The FY2025 NDAA, signed December 2024, addressed the rip-and-replace funding shortfall. The program, established by the Secure and Trusted Communications Networks Act (Pub.L. 116-124, enacted March 12, 2020), appropriated $1.9 billion to reimburse carriers with 10 million or fewer subscribers for removing Huawei and ZTE equipment. Applications totaling $4.98 billion created a $3.08 billion gap. The FY2025 NDAA authorized the FCC to borrow $3.08 billion from the U.S. Treasury, repayable through proceeds from AWS-3 Auction 113, which the FCC must conduct by June 23, 2026. The spectrum auction framework governing that proceeding is covered in the FCC Spectrum Auctions Policy Reference Guide.
The Open RAN Outreach Act (H.R. 2037, 119th Congress) directs NTIA to provide technical assistance to small providers considering Open RAN transitions: without establishing security baselines.

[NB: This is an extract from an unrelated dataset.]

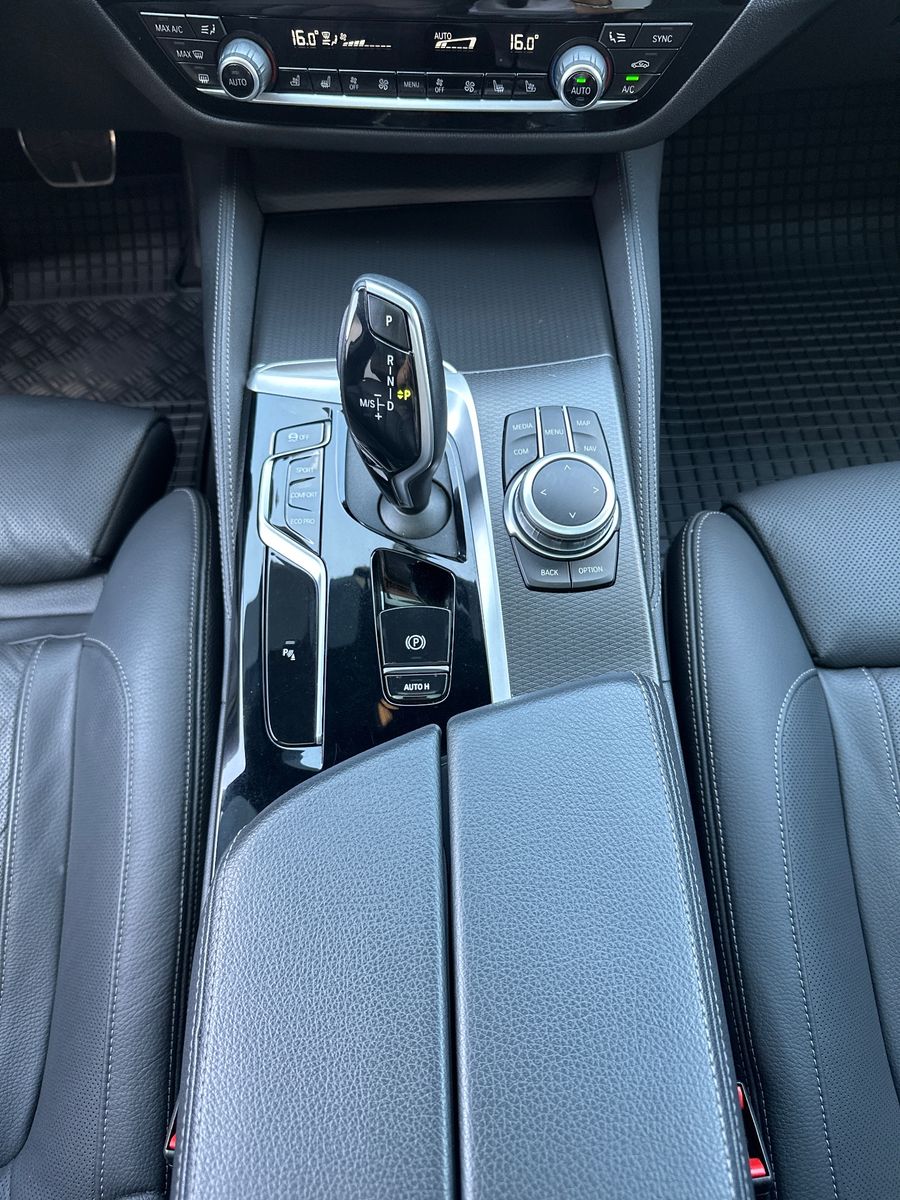 Fahrzeugabbildung BMW 520d Touring M-Sport NAV+LED+PANO+AHK+STHZG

Broadband infrastructure policy intersecting with Open RAN at the backhaul layer is detailed in the BEAD Program Guide: $42.5B Federal Broadband Deployment Explained.
What’s Next
WG11 is the de facto governance body setting the security floor for a technology the U.S. government is actively subsidizing. Its 2024 Zero Trust Architecture white paper and Coordinated Vulnerability Disclosure process represent concrete progress. Neither is mandatory for domestic carriers deploying O-RAN equipment purchased with NTIA grants or receiving FCC rip-and-replace reimbursements.
The FCC’s 2021 Notice of Inquiry on Promoting 5G Open RAN Deployment (FCC 21-31) addressed supply-chain and interoperability policy without security performance requirements. No pending FCC rulemaking would add security conditions to rip-and-replace eligibility as of May 2026. Two policy paths could close the gap: an FCC rulemaking conditioning reimbursement disbursements on verified WG11 compliance, or NTIA amending Innovation Fund grant terms to require documented WG11 security architecture as a deliverable. Neither proceeding is currently open.
The NIST-led Zero Trust Architecture initiative for O-RAN cloud orchestration, a work item approved by the O-RAN Alliance with AT&T and MITRE participation, aligned to NIST SP 800-207 — may produce a publishable framework in 2025 or 2026. If adopted by WG11 and referenced in FCC or NTIA program terms, it would create the first federally-anchored security baseline for Open RAN in the United States. Until then, the security architecture of disaggregated 5G networks carrying public safety and critical infrastructure traffic rests on voluntary standards compliance.